Cliff said okay. What a man! I hope he finds an adorable second wife.

I’m not ready to die yet, but I’m one mini-step closer now that I know my sink’s appearance is secured.

How about you?

What have you let go?

What do you still worry/care about after you die?

23 responses »

  1. Funny and appealing post. Like life- there is fun and joy- while the dark one waits patiently. My mother would have agreed with you about sink hair! As for me- when I was younger with the kids at home, I always told my husband “Hon, there is no Santa. So if anything happens to me- YOU have to buy the presents for the kids.” At this point, I don’t want to leave a lot of stuff for the kids to have to go through. I know many of us have had to close our parents’ homes. Thanks for a great post!

  2. I have let go that family members clearing out my stuff will find writing/teacher clutter. I have downsized some, but I still accumulate more. I’ve accepted that most likely they will choose to toss it all. I’ve come to terms with that.

  3. Before a close friend passed away a few years back, she made her sweet husband a list. On this list, she outlined who he could and could not date/marry.

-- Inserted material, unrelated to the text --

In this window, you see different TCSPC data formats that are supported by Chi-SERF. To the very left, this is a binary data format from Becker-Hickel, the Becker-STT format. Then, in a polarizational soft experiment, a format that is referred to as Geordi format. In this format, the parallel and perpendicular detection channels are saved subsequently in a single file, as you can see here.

Thankfully, he respected her wishes. It made for an adorable story at her memorial service. It must have worked, too. He remarried last year. Not sure what else concerned her at her death, but I don’t think it was sink hair. 🙂

    • Wow, an arranged marriage from the grave! Don’t give Barbara any ideas 🙂 I would imagine that the women that he could NOT marry were not too happy to find themselves on this list.

      • They had recently taken up SHAG dancing and she had met a few characters that she didn’t trust and knew would be bad for him and their grown children. Makes me wish I knew who she said NO to! I have another friend that was widowed recently, her late husband had also picked his. She could not be happier with his replacement. The original marriage had been quite difficult, so at least he knew that he was obnoxious in life.

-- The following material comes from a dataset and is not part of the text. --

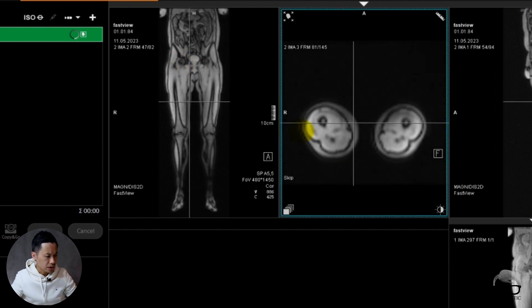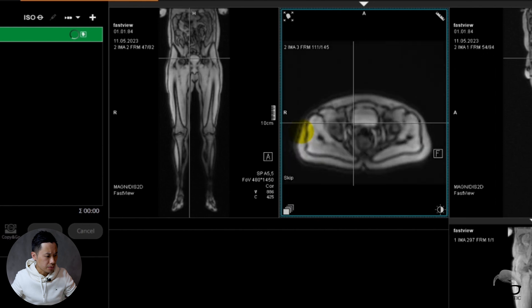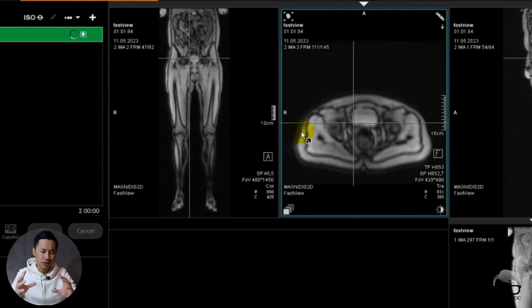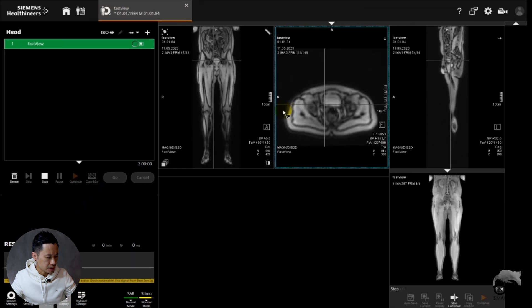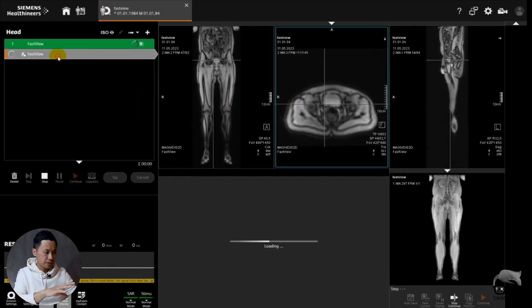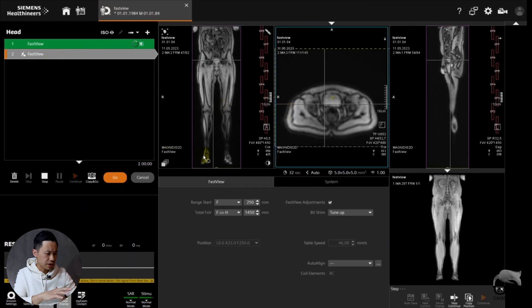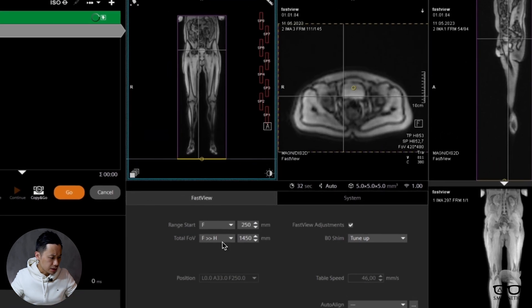We can go up there and we can see it in the transversal plane whenever you're going to do a positioning of your planes. This was directly from Siemens, so I will try to explain to you now.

      • Gosh. Cliff and I had better start SHAG dancing so I can look for worrisome women for the NO list. Maybe I’ll burn some calories and become a better dancer, too!

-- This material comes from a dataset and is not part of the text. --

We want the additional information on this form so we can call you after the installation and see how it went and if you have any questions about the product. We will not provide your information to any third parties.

  4. Points to Cliff for agreeing about the sink! And it’s good to think now about what will happen “after”. My biggest concern is who will inherit my genealogy material (HUGE!). Will anyone want it? As far as the house and other “stuff”, I just need to apologize to my kids in advance. Take what you want and then hire an auctioneer!

  5. I couldn’t care less about the sink hair, although I do wish it would stay on my aging head. What I do care about is making sure the kids don’t have to go through my things. So I have divided family objects and photographs between the two of them and sorted out family photos for nephews, nieces, and grandchildren.

  6. I do often think about dying. I often think as I am driving etc. that someday I will not be doing this anymore. Or grocery shopping–“I will someday not be doing this anymore”. I do want to get rid of a lot of my stuff so my kids don’t have to deal with it all. And honestly I just don’t care what they do with it. Except I just don’t want to put them in the position to argue over all of our stuff which happens often in families. As far as the hair in the sink, I know it mortifies us to imagine it now, but I truly believe that when we leave here, we will laugh at how silly we were to even think such things are at all important.

  7. As someone whose mother died when I was four, my main concerns were always staying alive until my daughters were grown, and worrying that Tim would remarry someone who wouldn’t love them like I do. I’m breathing a little easier now that I have only five years until my little one is 18.

    After moving my dad out of his house, I came home and started throwing things away. I would be sad if no one wanted my scrapbooks or my mom’s nice jewelry, but they can do what they like with the rest!